§ **Work instruction**
Repeat the lines from the line with "Smooth Barefoot Oxford" to the line with "Стразы холодной фиксации" in the listing below, keeping both end lines and adding nothing.

§ **Material provided**

******

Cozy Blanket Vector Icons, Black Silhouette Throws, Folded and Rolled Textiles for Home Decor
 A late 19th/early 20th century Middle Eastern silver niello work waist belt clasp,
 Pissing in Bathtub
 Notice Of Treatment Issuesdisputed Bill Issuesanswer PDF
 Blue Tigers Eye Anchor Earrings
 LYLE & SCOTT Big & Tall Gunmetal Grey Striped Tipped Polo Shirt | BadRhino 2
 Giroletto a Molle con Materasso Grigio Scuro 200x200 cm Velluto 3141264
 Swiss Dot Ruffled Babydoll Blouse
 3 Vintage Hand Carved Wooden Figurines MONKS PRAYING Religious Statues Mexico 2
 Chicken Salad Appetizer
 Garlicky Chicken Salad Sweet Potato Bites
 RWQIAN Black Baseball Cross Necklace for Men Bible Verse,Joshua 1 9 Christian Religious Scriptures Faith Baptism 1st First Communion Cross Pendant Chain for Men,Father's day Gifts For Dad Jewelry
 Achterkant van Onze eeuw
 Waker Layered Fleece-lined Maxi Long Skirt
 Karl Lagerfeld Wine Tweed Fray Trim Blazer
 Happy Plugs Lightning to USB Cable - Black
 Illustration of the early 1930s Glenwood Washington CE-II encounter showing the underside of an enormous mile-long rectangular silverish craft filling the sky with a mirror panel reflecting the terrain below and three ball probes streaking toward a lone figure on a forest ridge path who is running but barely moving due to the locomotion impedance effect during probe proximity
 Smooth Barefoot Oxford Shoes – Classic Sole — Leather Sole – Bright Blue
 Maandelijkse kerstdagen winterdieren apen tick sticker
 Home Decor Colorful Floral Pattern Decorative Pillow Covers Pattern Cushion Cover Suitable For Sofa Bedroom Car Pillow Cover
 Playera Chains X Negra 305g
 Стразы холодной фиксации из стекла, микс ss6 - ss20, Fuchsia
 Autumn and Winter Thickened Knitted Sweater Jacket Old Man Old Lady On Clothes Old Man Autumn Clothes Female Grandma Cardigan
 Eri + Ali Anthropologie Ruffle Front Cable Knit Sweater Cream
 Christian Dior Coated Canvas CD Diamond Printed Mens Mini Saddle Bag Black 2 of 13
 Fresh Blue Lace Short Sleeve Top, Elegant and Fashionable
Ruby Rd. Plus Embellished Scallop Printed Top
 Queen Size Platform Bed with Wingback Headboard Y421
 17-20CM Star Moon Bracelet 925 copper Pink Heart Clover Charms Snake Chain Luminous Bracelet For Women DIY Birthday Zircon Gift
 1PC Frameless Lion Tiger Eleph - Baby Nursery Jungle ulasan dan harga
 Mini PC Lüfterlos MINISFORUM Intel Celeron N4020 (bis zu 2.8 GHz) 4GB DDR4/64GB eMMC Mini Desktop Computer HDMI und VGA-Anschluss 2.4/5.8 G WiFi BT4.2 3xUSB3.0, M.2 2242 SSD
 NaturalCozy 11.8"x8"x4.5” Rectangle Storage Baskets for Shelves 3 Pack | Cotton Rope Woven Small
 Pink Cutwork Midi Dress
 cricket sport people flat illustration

******

§ **Answer for this exercise**
 Smooth Barefoot Oxford Shoes – Classic Sole — Leather Sole – Bright Blue
 Maandelijkse kerstdagen winterdieren apen tick sticker
 Home Decor Colorful Floral Pattern Decorative Pillow Covers Pattern Cushion Cover Suitable For Sofa Bedroom Car Pillow Cover
 Playera Chains X Negra 305g
 Стразы холодной фиксации из стекла, микс ss6 - ss20, Fuchsia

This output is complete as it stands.